Single by East of Eden
- B-side: "Marcus Junior"
- Released: May 1970
- Genre: Folk rock
- Label: Deram
- Songwriter(s): Trad. arr. East of Eden
- Producer(s): David Hitchcock

East of Eden singles chronology
| "Northern Hemisphere" (1969) | "Jig-a-Jig" (1970) | "Ramadhan" (1971) |

= Jig-a-Jig (song) =

"Jig-a-Jig" was a UK Top 10 hit single, released in May 1970 by the progressive rock band, East of Eden. It peaked at No. 7 in the UK Singles Chart in early 1971. It is also the title of a full-length album by the band. The piece is actually a set of three traditional reels, not jigs, namely "The Ashplant Reel", "Drowsy Maggie" and "Jenny's Chicken". The arrangement is based on electric violin with bass guitar and drums providing a rock rhythm backing. Electric guitar is used to underscore some of the high points of the fiddling.

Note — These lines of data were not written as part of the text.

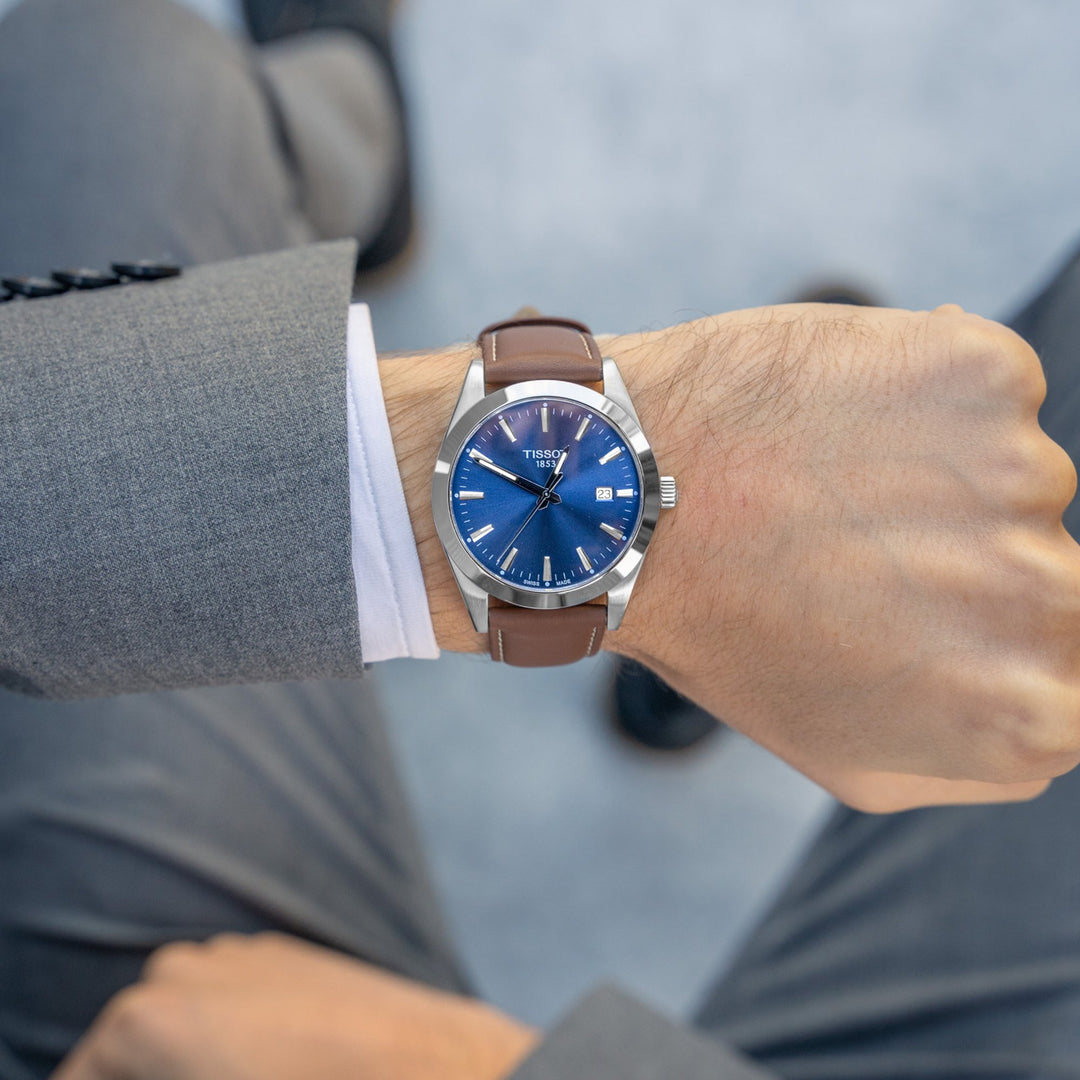 Tissot Gentleman T1274101604100 Brown Leather Strap Blue Dial Men's Watch - mzwatcheslk srilanka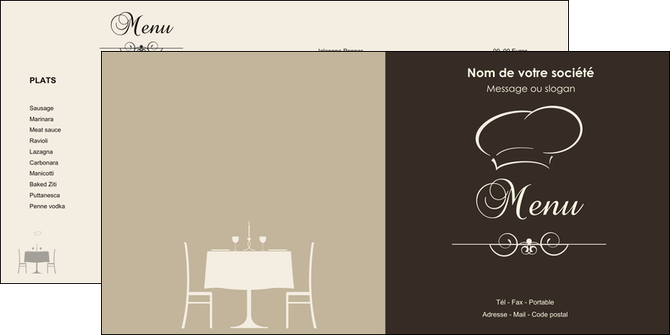 imprimer depliant 2 volets  4 pages  restaurant restaurant restauration table de restaurant MIFCH19843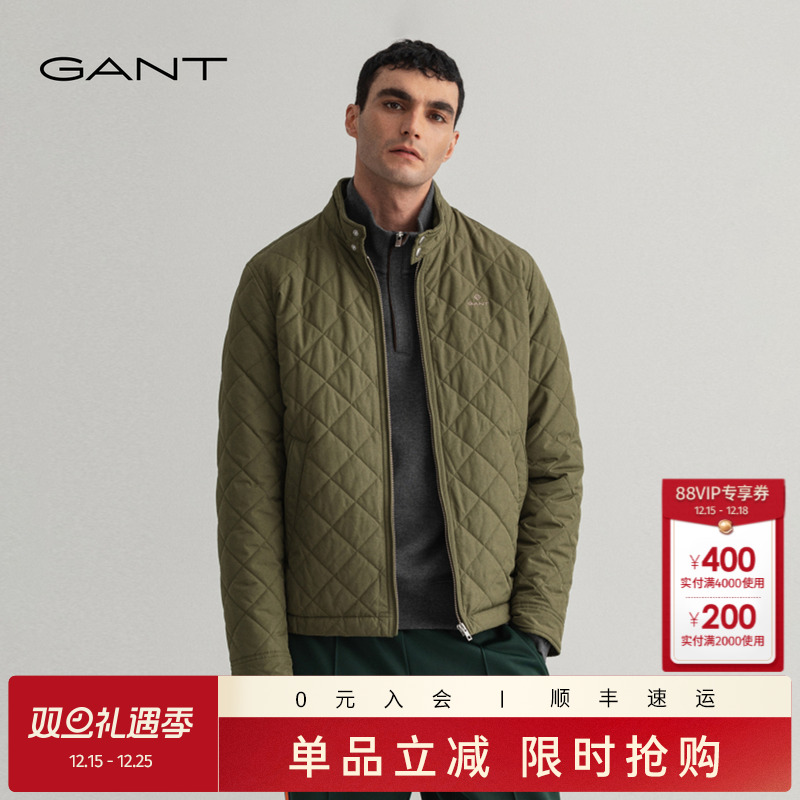 GANT/甘特秋冬新款男士复古军绿色保暖立领绗缝短款休闲棉服外套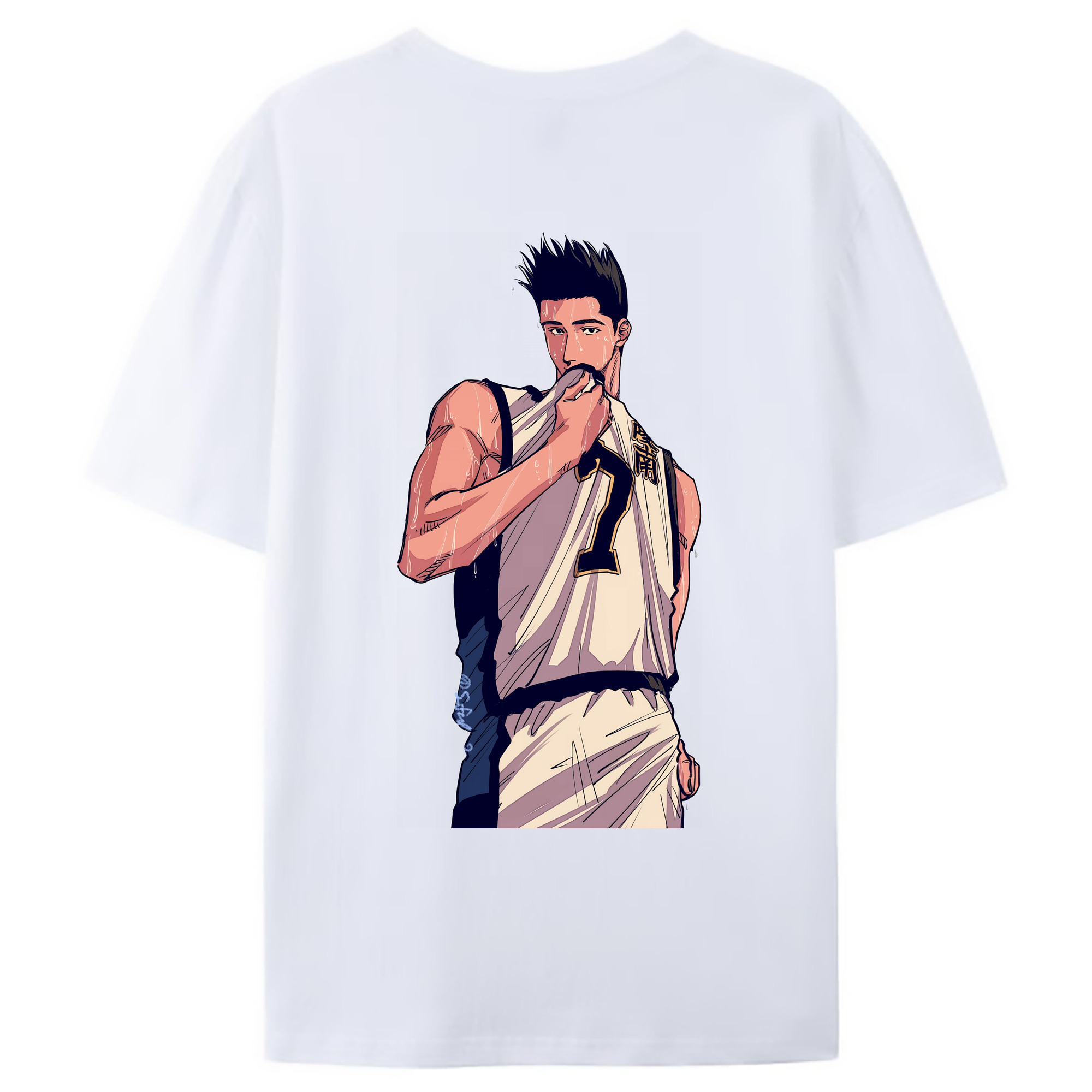 （画像用） SLAM DUNK／スラムダンク 綿100％ メンズ半袖Tシャツ（バックプリント） 通気性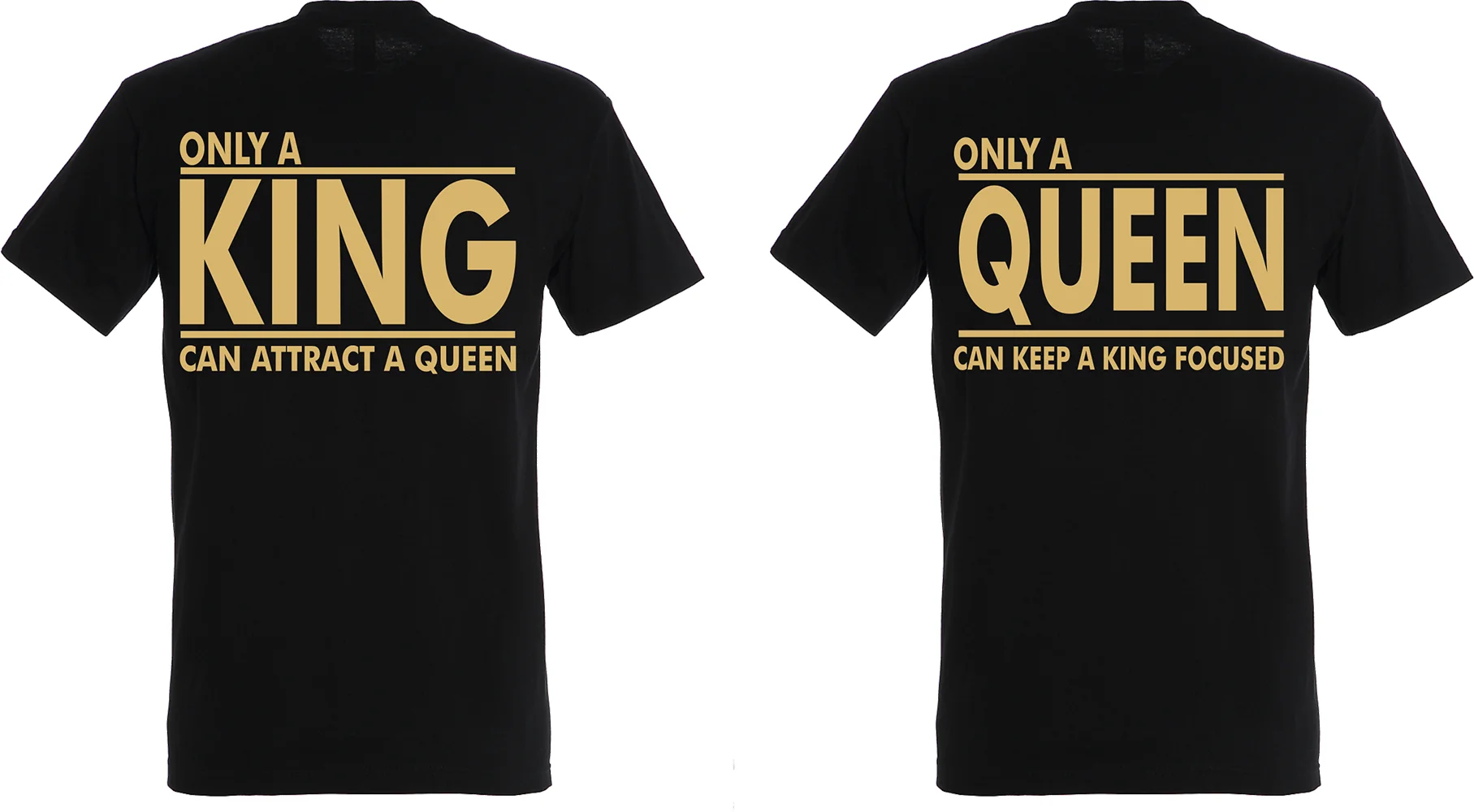 Φωτογραφία προϊόντος: T-shirt Only a king and a queen Gold (σετ 2 τεμ.)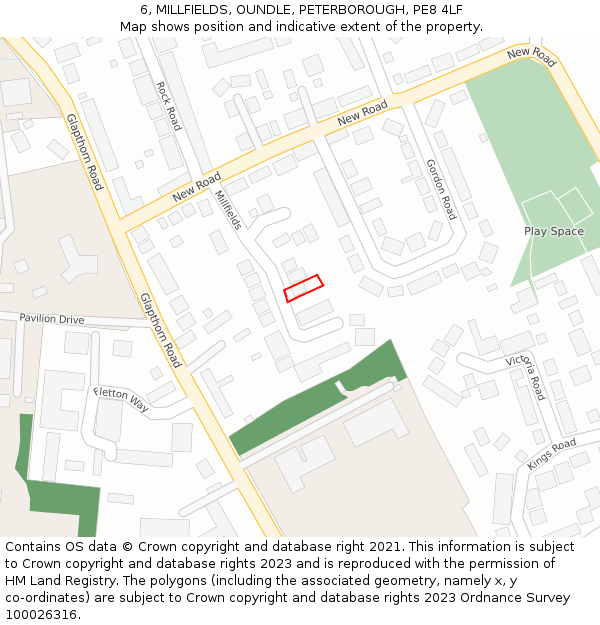 6, MILLFIELDS, OUNDLE, PETERBOROUGH, PE8 4LF: Location map and indicative extent of plot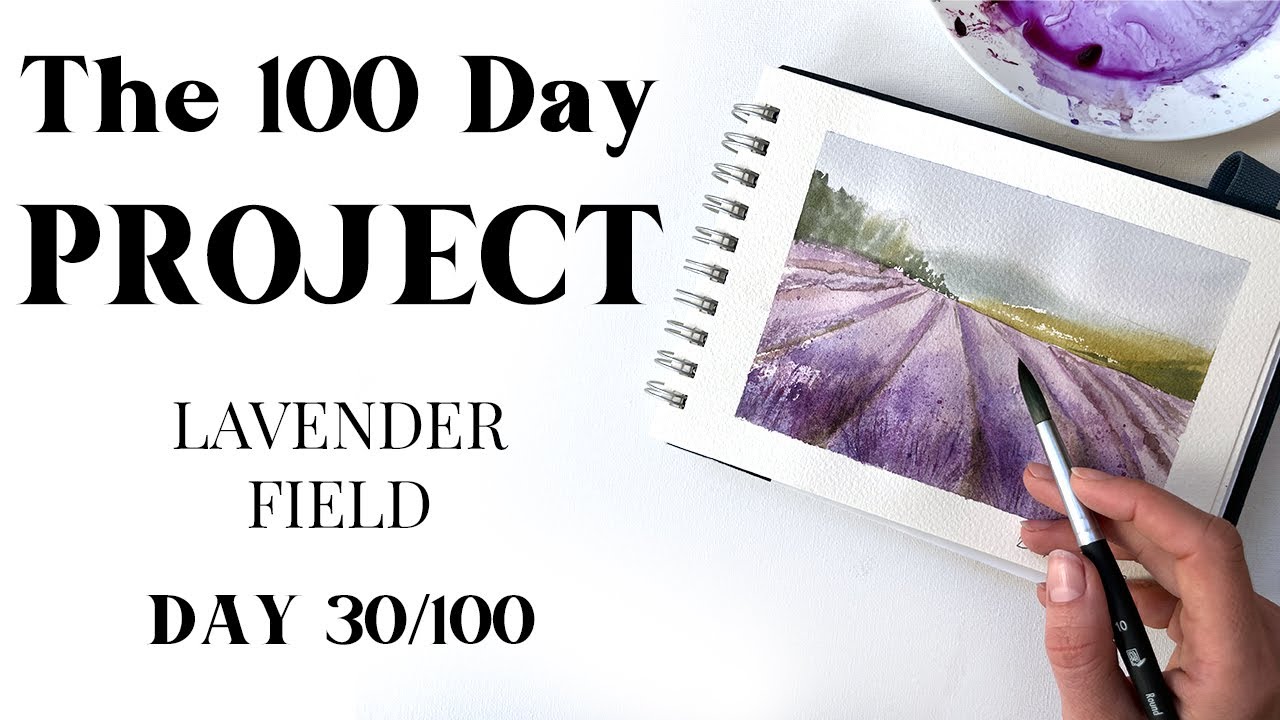 How to paint Lavender Field with Watercolor. Easy Painting idea 29/100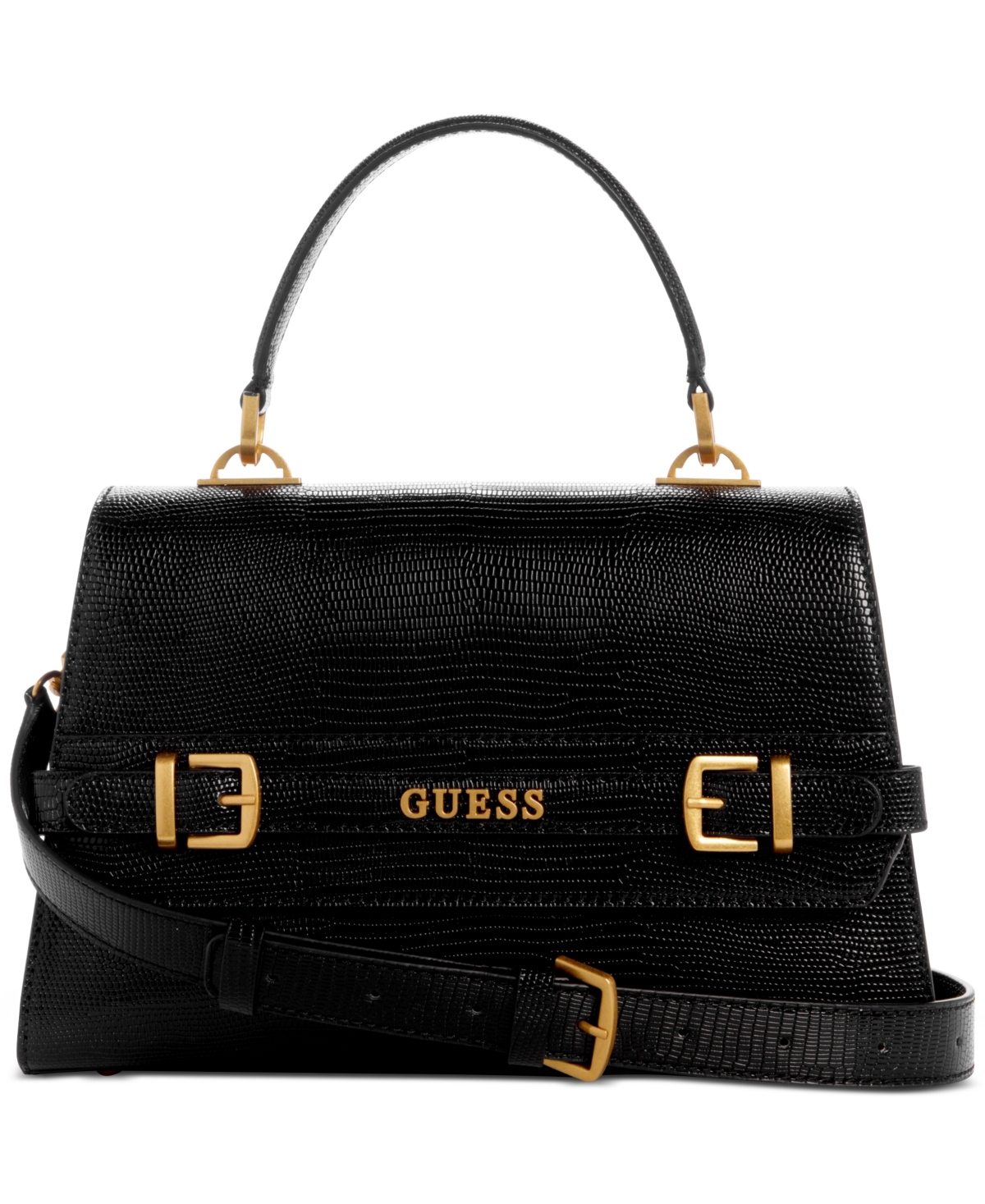 Guess Sestri Top Handle Small Flap Handbag In Black
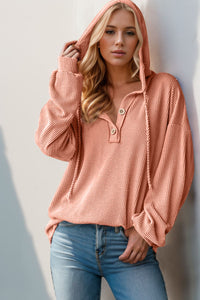 Double Take Full Size Half Button Long Sleeve Hoodie ( 3 colors)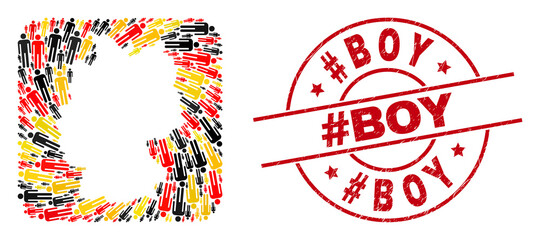 German map collage in Germany flag official colors - red, yellow, black, and scratched #Boy red circle badge. #Boy badge uses vector lines and arcs.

In 2006, the British folk metal band, Skyclad, released their Jig-a-Jig EP, with the tune and three tracks from the recording sessions of the band's previous album, A Semblance of Normality. While the "Jig-a-Jig" is traditional, the arrangement of Skyclad's version is similar to East of Eden's, so it is sometimes considered as a cover version.